NBA, We Reminisce / Apr 22, 2010 / 8:00 pm

Throwback Thursdays: James Worthy

Welcome back for Week 2 of Throwback Thursdays with the Coach. Being that we started with Boston Celtic great Robert Parish last week, we need to show some respect to the second greatest franchise in league history, the Los Angeles Lakers. Today’s choice was actually the only Laker from Showtime who ever had a chance for his throwback to land in the Coach’s collection, as having a Magic Johnson joint was never an option. Big Game James Worthy was not only an all-time great Laker; he was an all-time great player – both at the collegiate and pro level.

While Michael Jordan hit the most memorable shot in North Carolina history in 1982, the best player on that ’82 NCAA Championship team was the All-American James Worthy. Following a McDonald’s High School All-American honor in 1979, Worthy spent three years playing for Dean Smith at Chapel Hill before turning pro after his junior season.

As a result of a Red Auerbach type move, the Lakers had the first overall picl in the Spring of 1982 following their second championship in three seasons, thanks to a 1980 trade with the Cleveland Cavaliers.
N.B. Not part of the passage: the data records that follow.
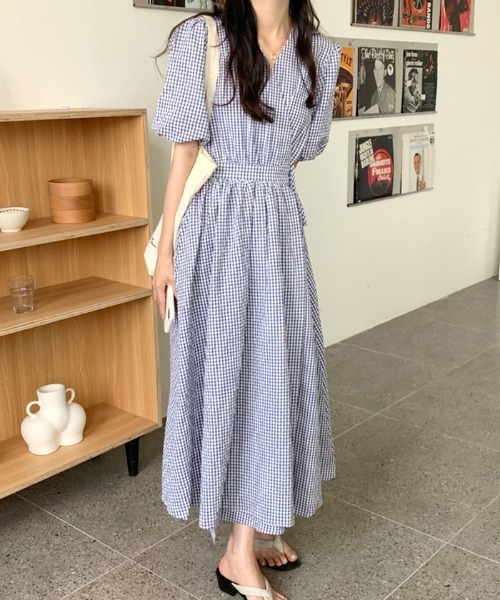 ABYS（アビス）の「ギンガムウエストマークカシュクールワンピース（ワンピース・レディース・チェック・FREE）」の5枚目の写真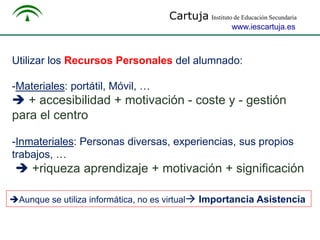 Cartuja Instituto de Educación Secundaria
www.iescartuja.es
Utilizar los Recursos Personales del alumnado:
-Materiales: po...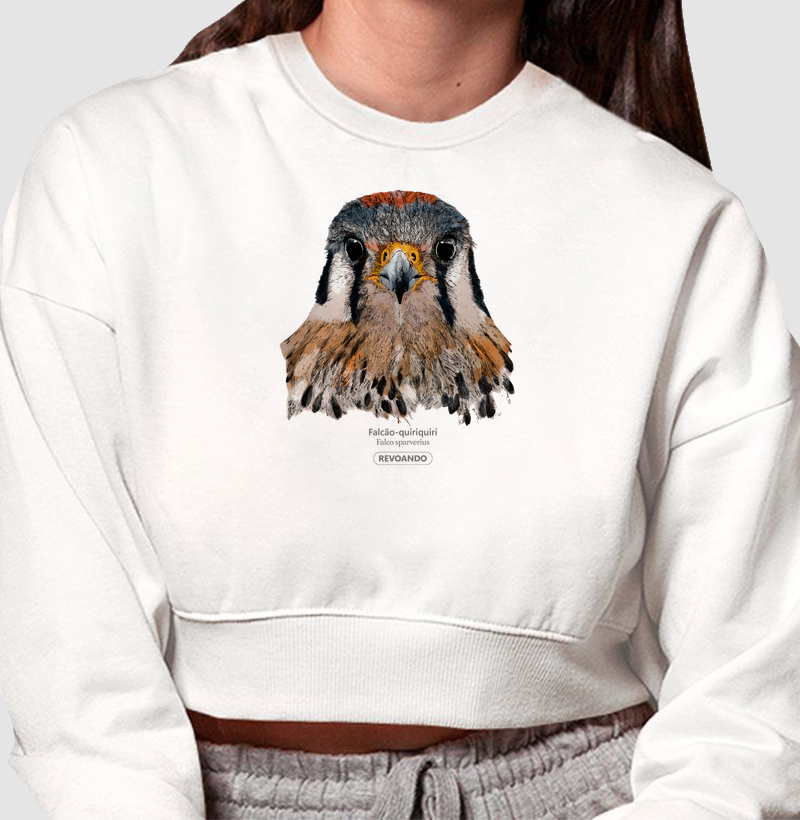 Rapinas Inky - Falcão-quiriquiri - Moletom Cropped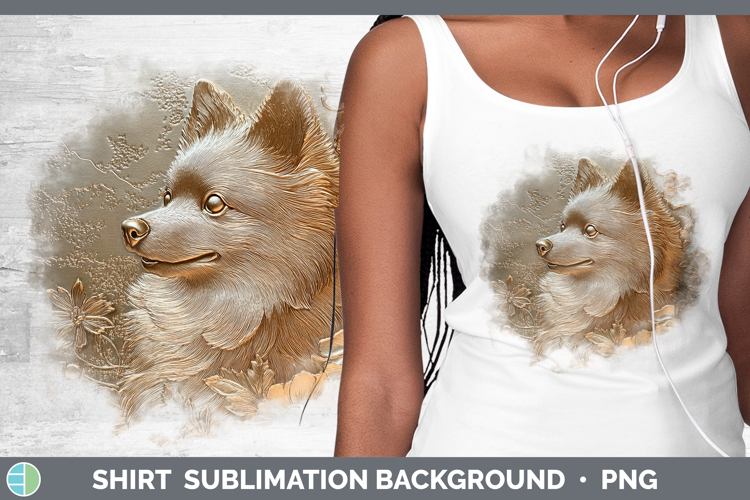 Dogs 04 Copper Relief Japanese Spitz Shirt Sublimation Subli
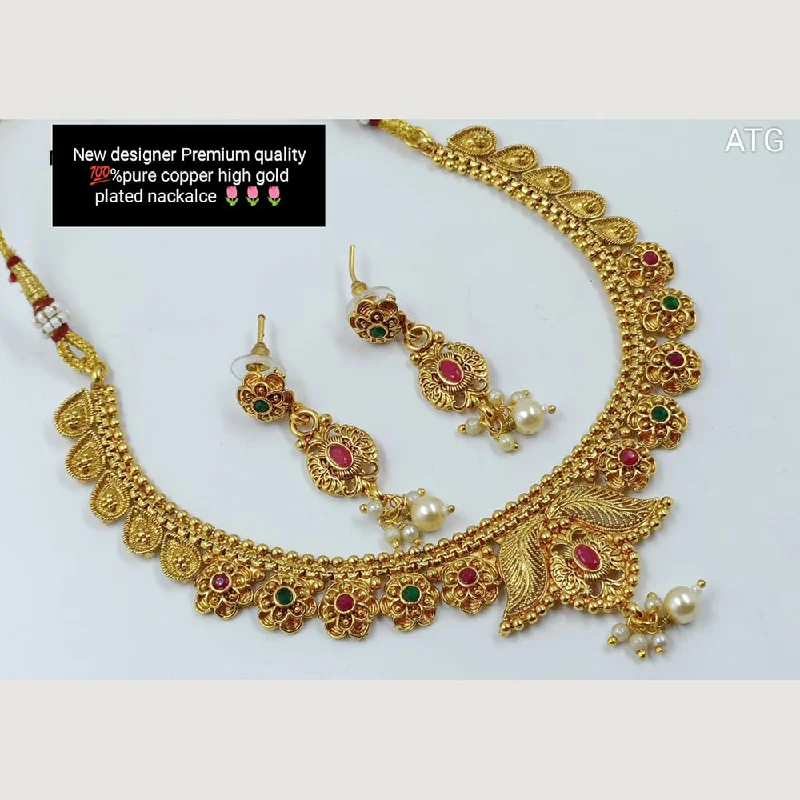 opal necklaces for women-Manisha Jewellery Gold Plated Pota Stone Necklace Set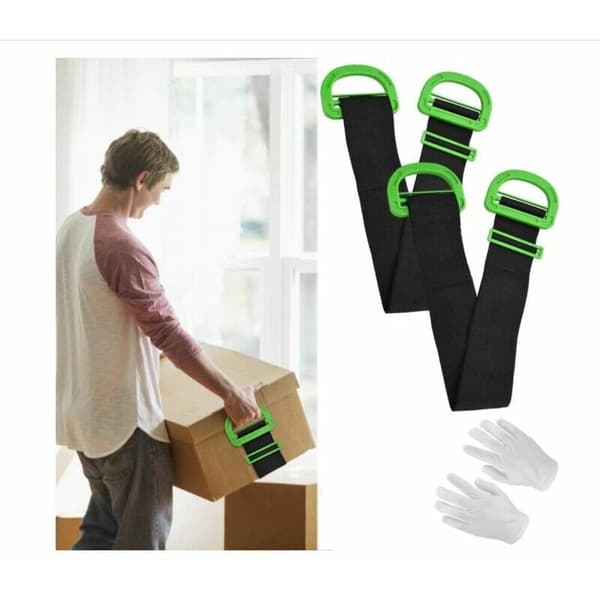 Flyttestropp, sett med 2 løftestropper for flytting av møbler og madrasser, flyttestropper for 600 pund, bærestropper for flytting.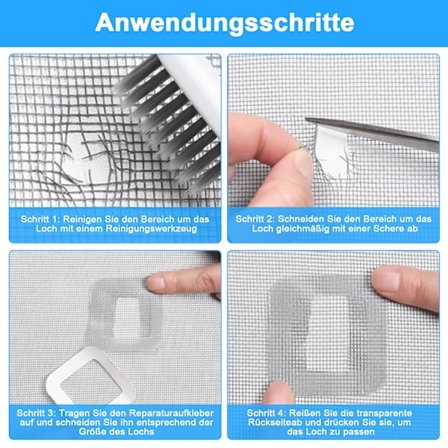 Hyttysverkon korjaussarja ikkunoille, 22 kpl hyönteissuojaverkon korjausteippiä, itseliimautuva lasikuituinen korjauslaastari, hyttysverkko oveen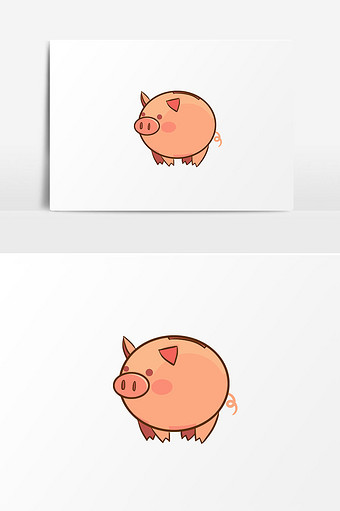 卡通人物猪人物插画图片
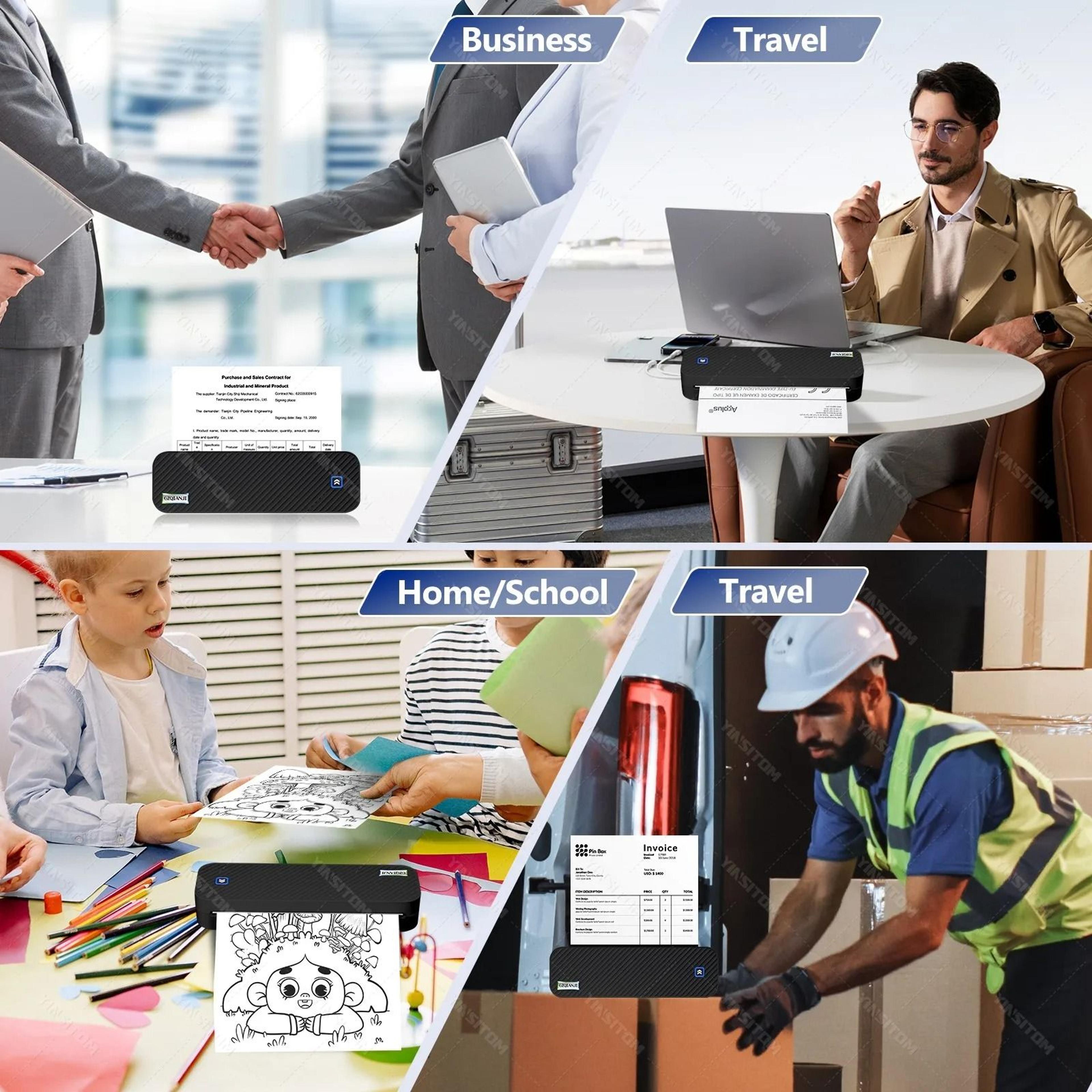 traveldocs 300 – portable a4 bluetooth thermal printer for wireless document printing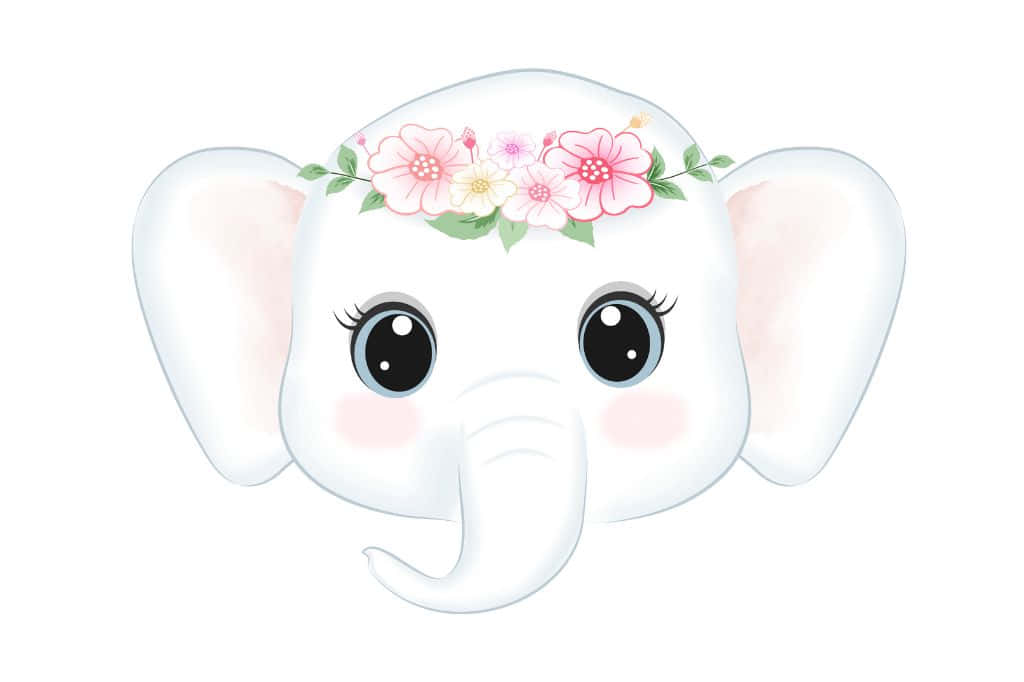 1024x682, white cartoon elephant, big eyes, SD Desktop Wallpaper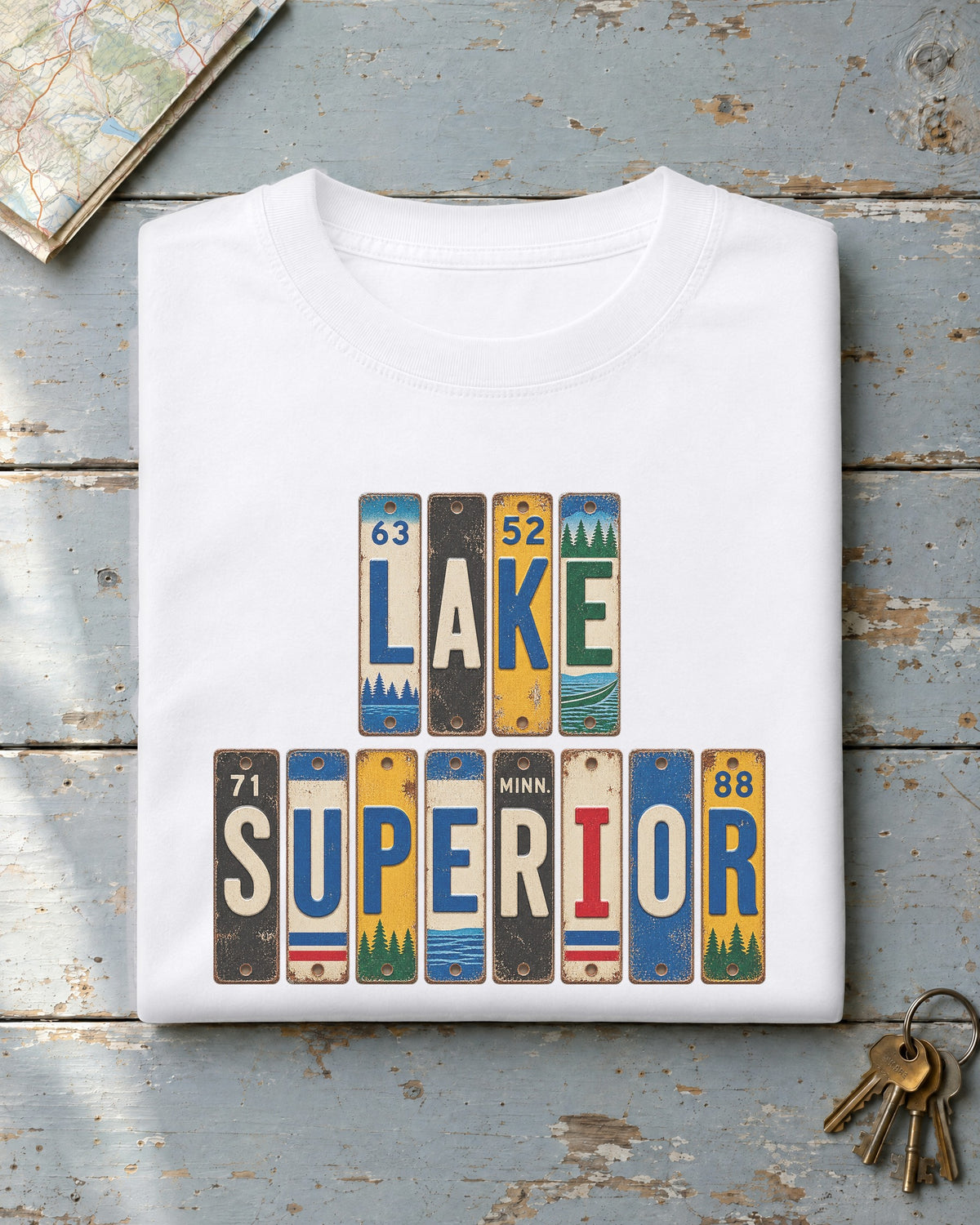 Lake Superior, Minnesota vintage license plate t-shirt in White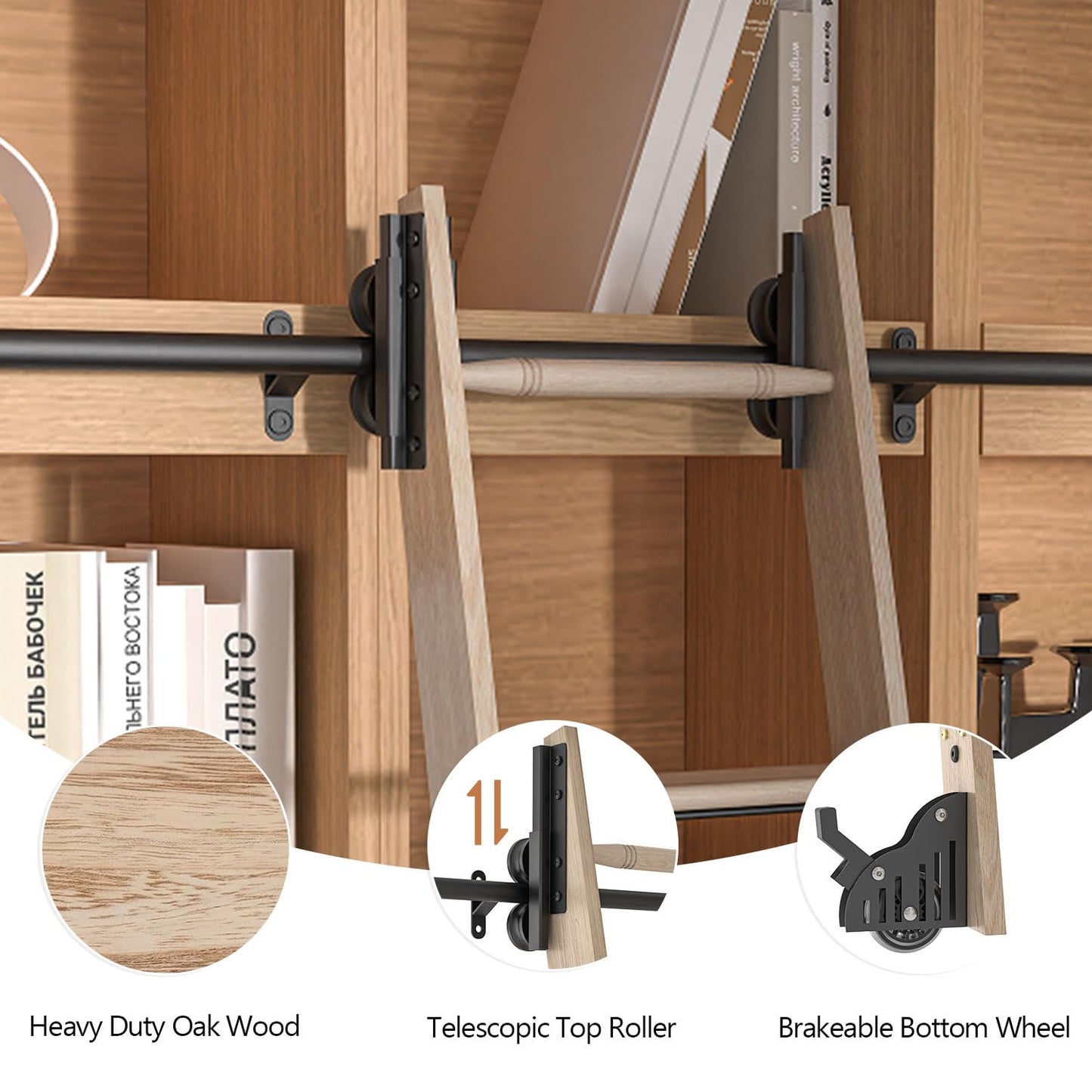 LKCBITION 87inch Heavy Duty Oak Wood Ladder with 4ft Telescoping Top Rollers & Bottom Brake Wheels Sliding Hardware, Rolling Library Ladder for Loft, Attic, Bookshelf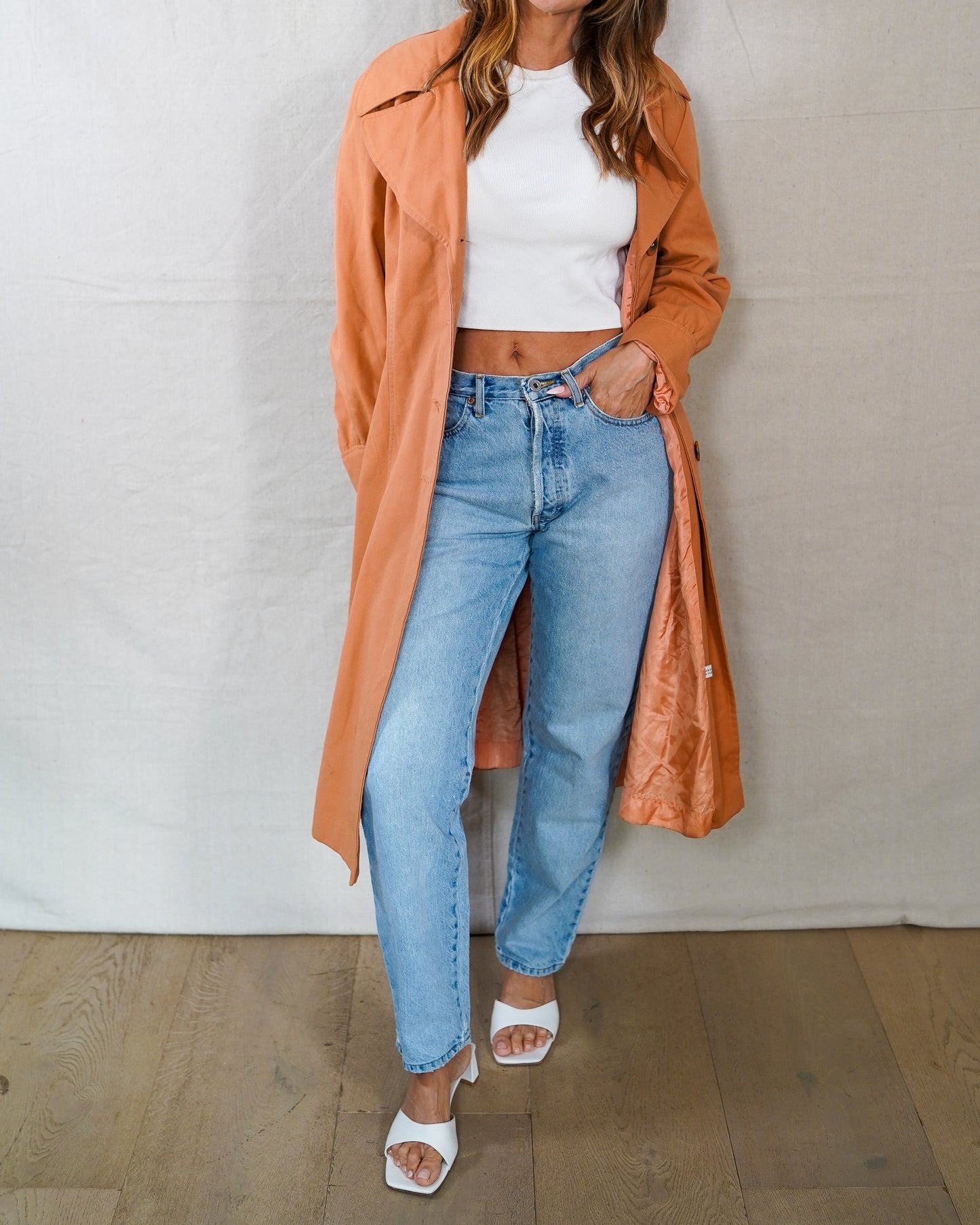 Vintage Cinnamon Trench Coat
Worthy was the perfect fit for the defending champs as he would fit right in at the small forward position alongside veteran Jamal Wilkes. Worthy gave the Lakers another weapon in the arsenal that already consisted of a Magic and Norm Nixon backcourt, Kareem Abdul-Jabbar still in MVP form on the post, veteran scoring forward Bob McAdoo and role players Kurt Rambis and Michael Cooper. Unfortunately for the Lakers and Worthy, #42 got injured at the end of the 1983 regular season. The Sixers led by Moses Malone, Dr. J and Maurice Cheeks then swept the Lakers in the NBA Finals.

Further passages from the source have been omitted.